Guillemots' third album is mournful, lushly arranged, and conflicted as ever about whether it wants to be singer-songwriter comfort food or forward-thinking pop. The song from the video, "I Don't Feel Amazing Now", feels overdone, muddling its unspectacular, melancholy lyrics with the full studio gamut of strings and choral backing vocals. But first single "The Basket" is a lot more effective, simultaneously a cryptic love song ("You knock me over/ Come on and do it again") and a propulsive, kaleidoscopic assault on a culture where there's "a masterpiece that no one bothered painting/ Everybody's too busy with those baskets of theirs." Think of a grown-up Supergrass (there's theremin). The ominously ornamented title track is a sample-ready testament of survival, while the electronic sunshine of "I Must Be a Lover" offers a needed break from all the gloom.

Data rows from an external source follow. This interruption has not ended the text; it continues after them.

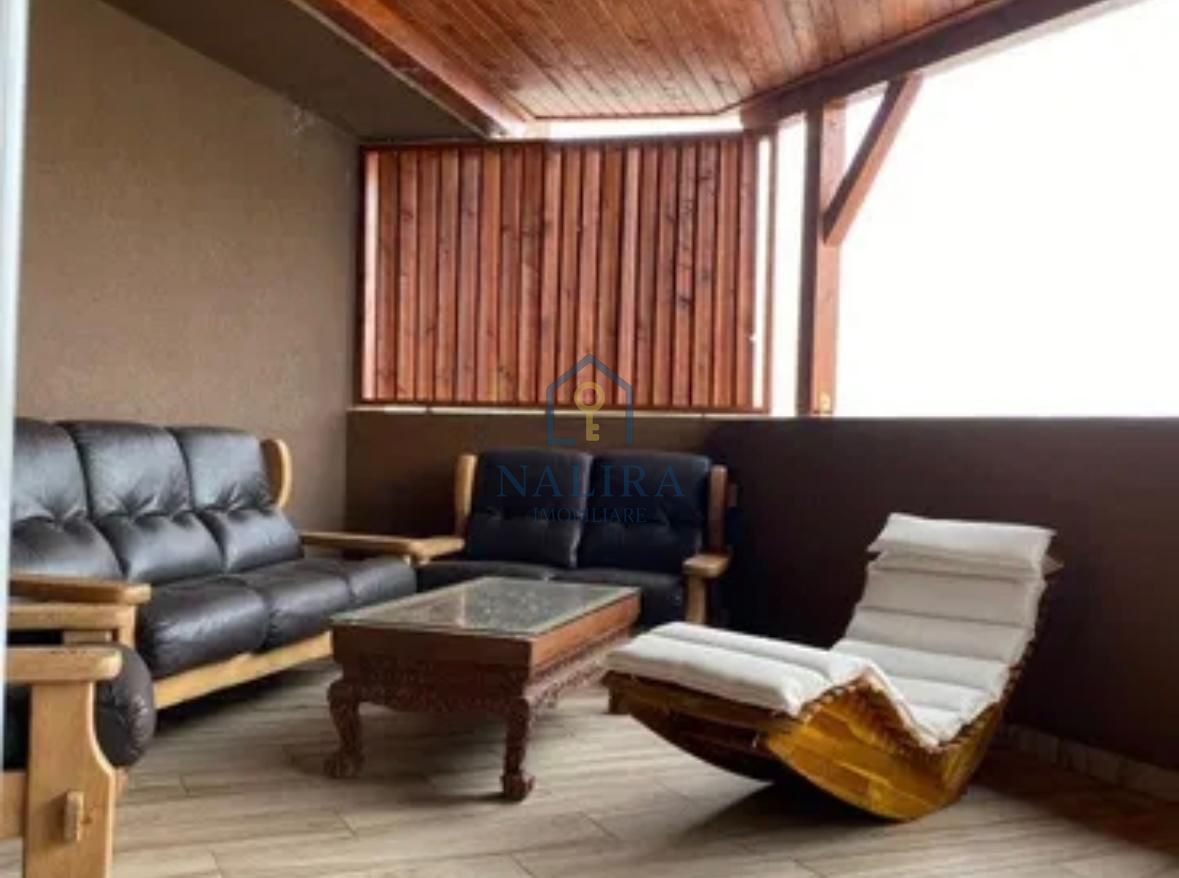 Penthouse de vanzare - Vasile Alecsandri - Poză 4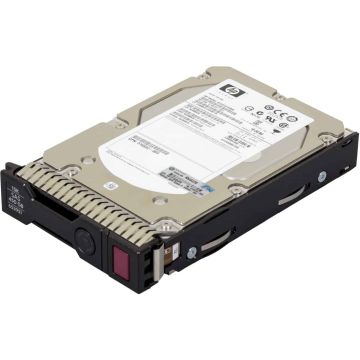 HP 450GB 15K SAS 3.5IN HDD (516832-004-RFB) thumbnail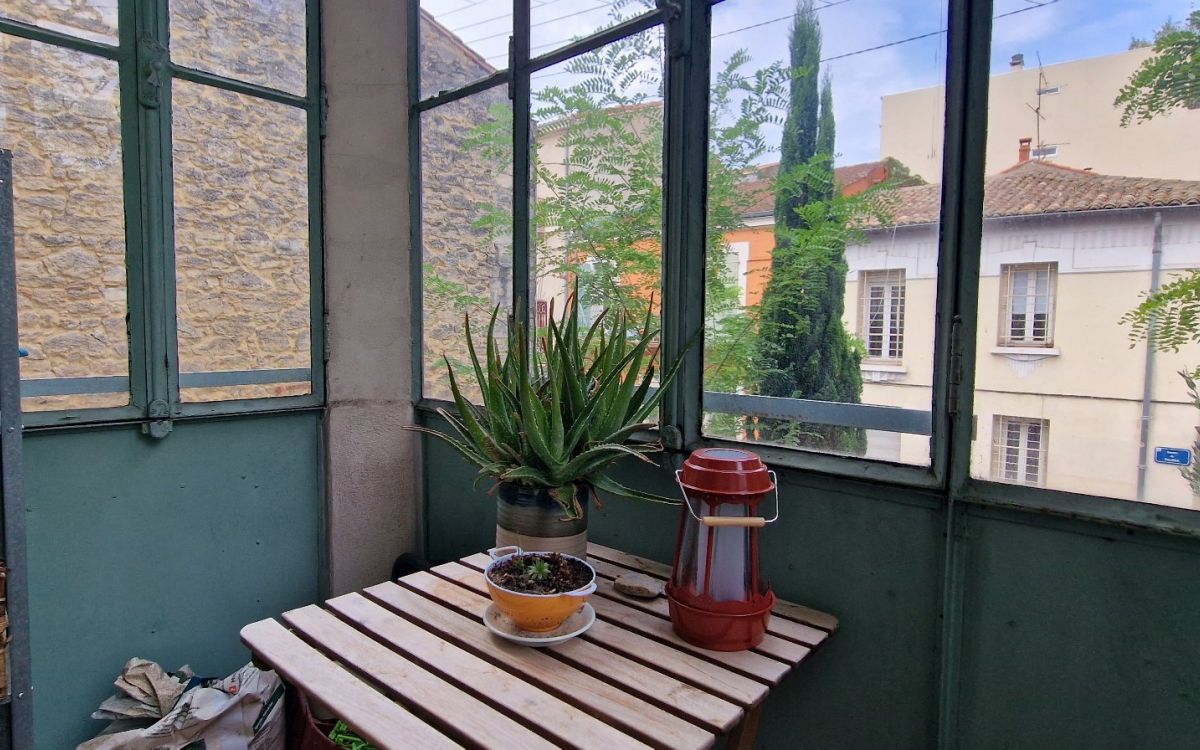 à vendre Appartement Montpellier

For a band that once stood out for its too-much-ness, Walk the River now gives us too much of the wrong things: too many midtempo songs, too many minor-key acoustic strums, too many codas that outstay their welcome without really connecting. But Stewart's bustling drum work, MC Lord Magrão's rippling guitar, and Aristazabal Hawkes' sensuous bass-- even Dangerfield's supple voice, which might suit the band's namesake seabird-- ensure there's something interesting happening beneath even the most mawkish sentiment or the baggiest quasi-epic. Just not always something particularly new or vital, the way Through the Windowpane and its predecessor EP felt. That woodland video comes closest so far, so maybe the fresh air will do them some good.